_Task goal_:
Taking only the lines of the data below from the line with "adidas Tech Apparel" to the line with "FMRI (Functional Magnetic Resonance Imaging)", ends included, write them out exactly and without pictures.

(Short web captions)
◆ ◆ ◆ ◆ ◆

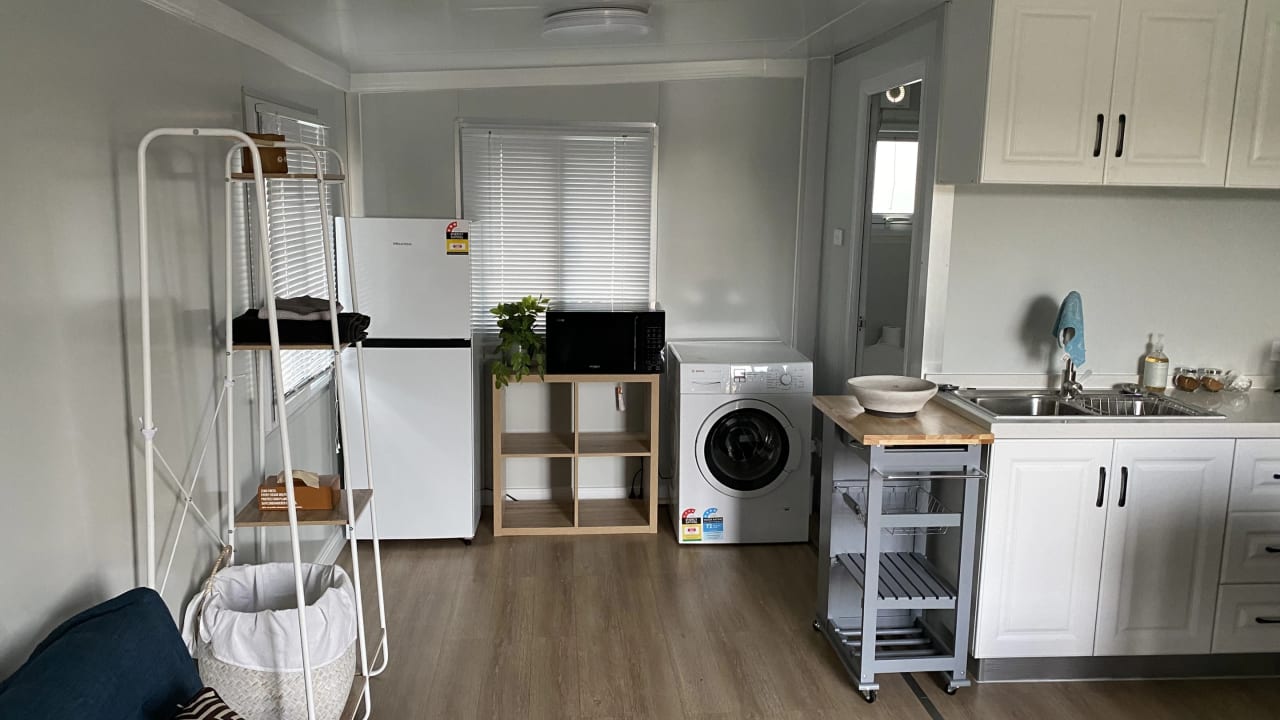 Room granny flat for rent
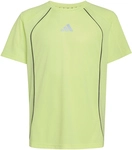 adidas Tech Apparel Climacool Trainingsshirt Kinder KR8995 - frozen...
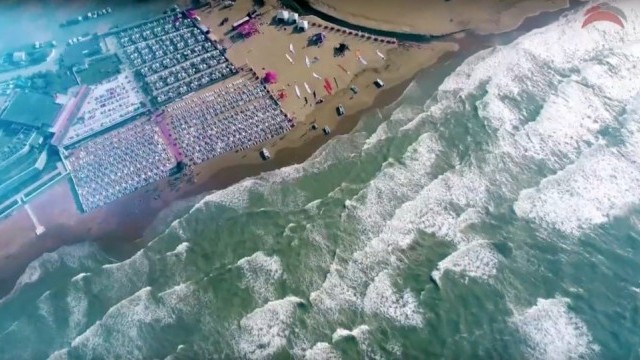 2017 Formula Kite Europeans - Day 3 Recap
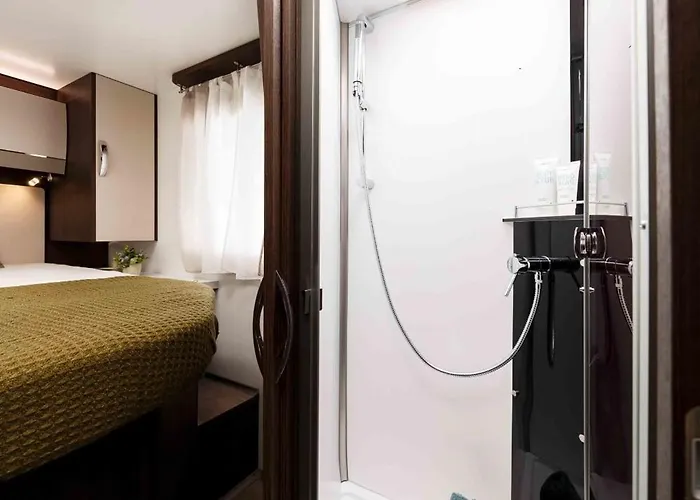 Campeggio Camper Am Rursee Deine Eifel Auszeit Simmerath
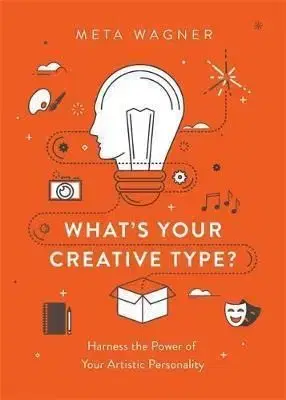 What's Your Creative Type? Harness the Power of Your Artistic Personality - Meta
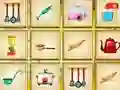 Spill Kitchen Item Search online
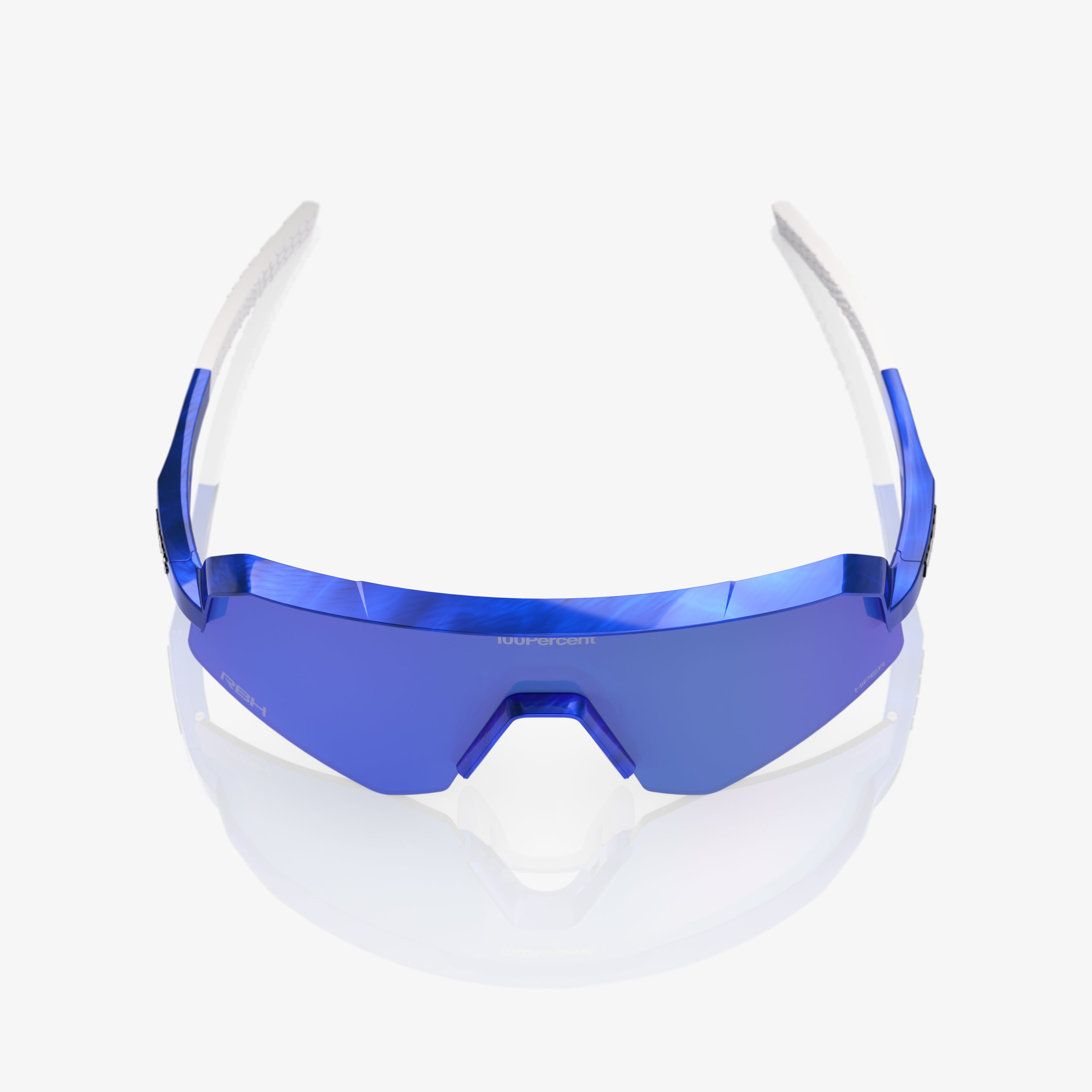 100-slendale-sl-sonnenbrille-blue-hiper-royal-blue image 4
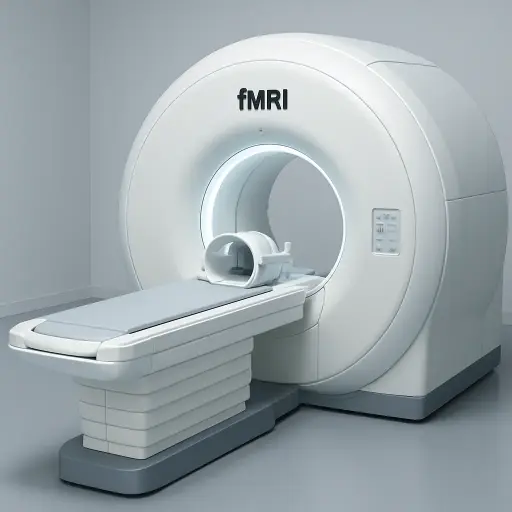 FMRI (Functional Magnetic Resonance Imaging)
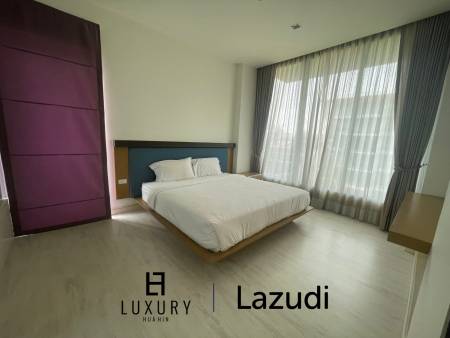 120 Kvm 2 Seng 2 Bad Leilighet for Salg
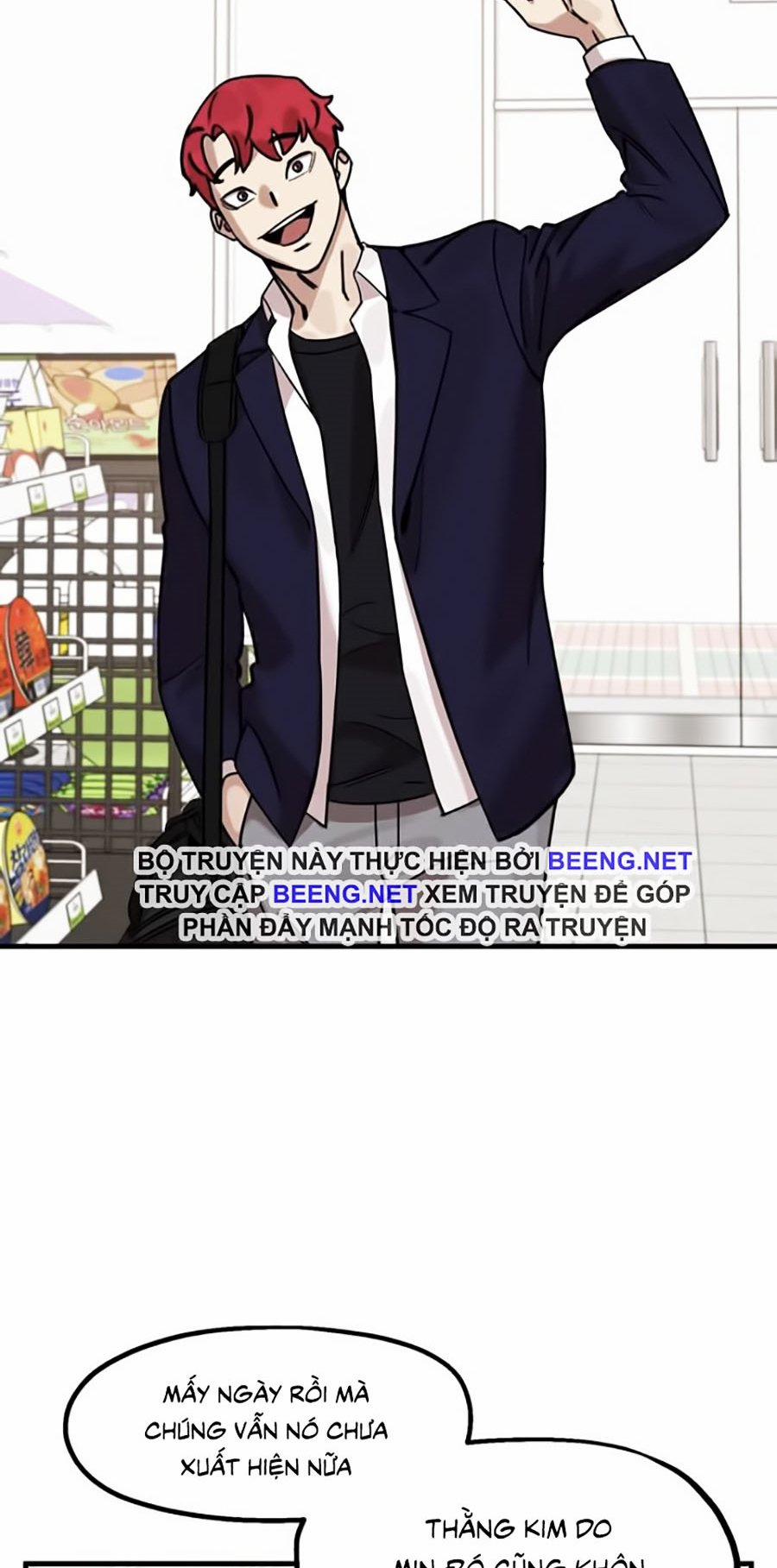 Xếp Hạng Bắt Nạt 6 trang 12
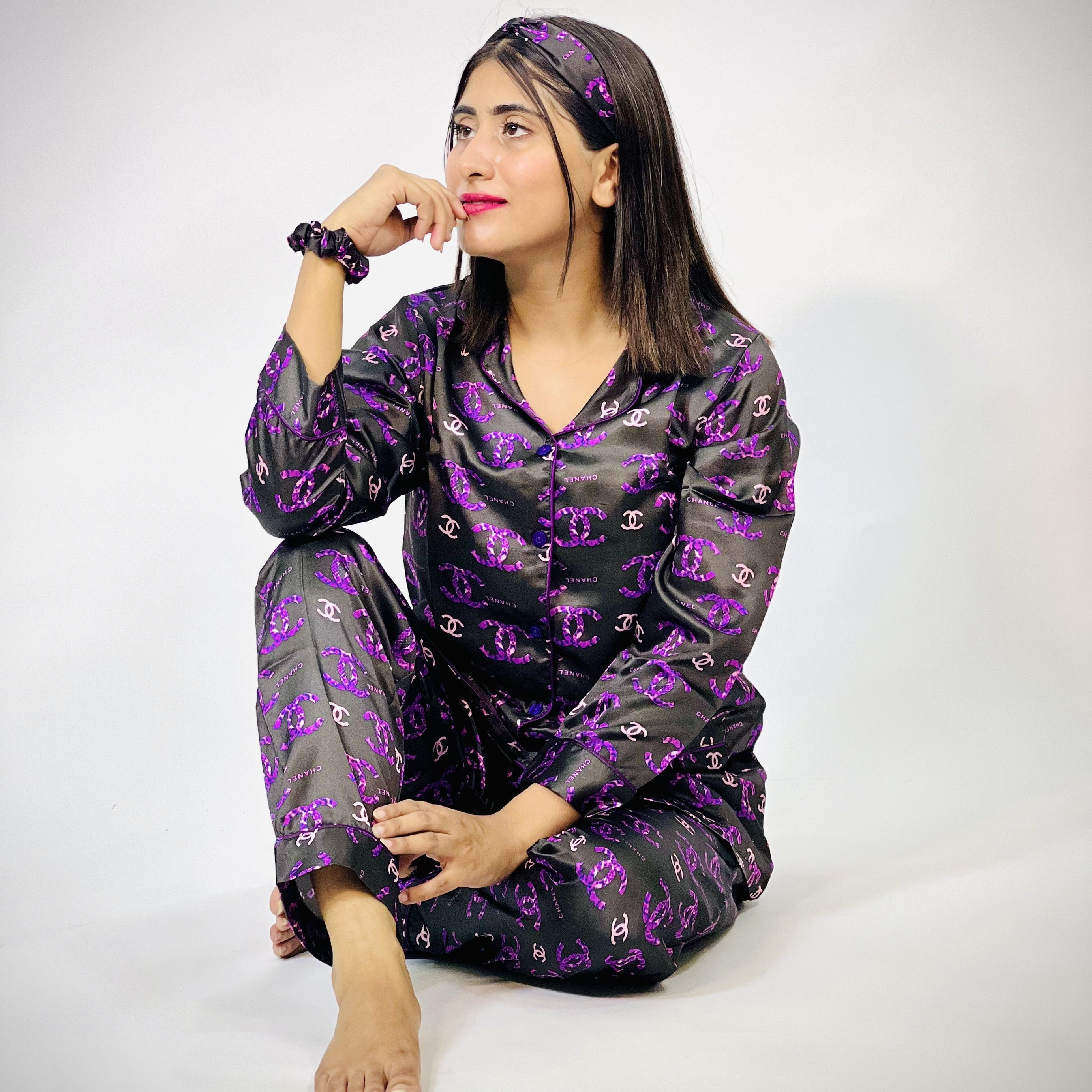 Valerie introduces studio by arj women's nightwear/sleepwear night suit SEASON 2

◆ ◆ ◆ ◆ ◆

_Response_:
 adidas Tech Apparel Climacool Trainingsshirt Kinder KR8995 - frozen...
 2017 Formula Kite Europeans - Day 3 Recap
 Campeggio Camper Am Rursee Deine Eifel Auszeit Simmerath
 What's Your Creative Type? Harness the Power of Your Artistic Personality - Meta
 Spill Kitchen Item Search online
 100-slendale-sl-sonnenbrille-blue-hiper-royal-blue image 4
 FMRI (Functional Magnetic Resonance Imaging)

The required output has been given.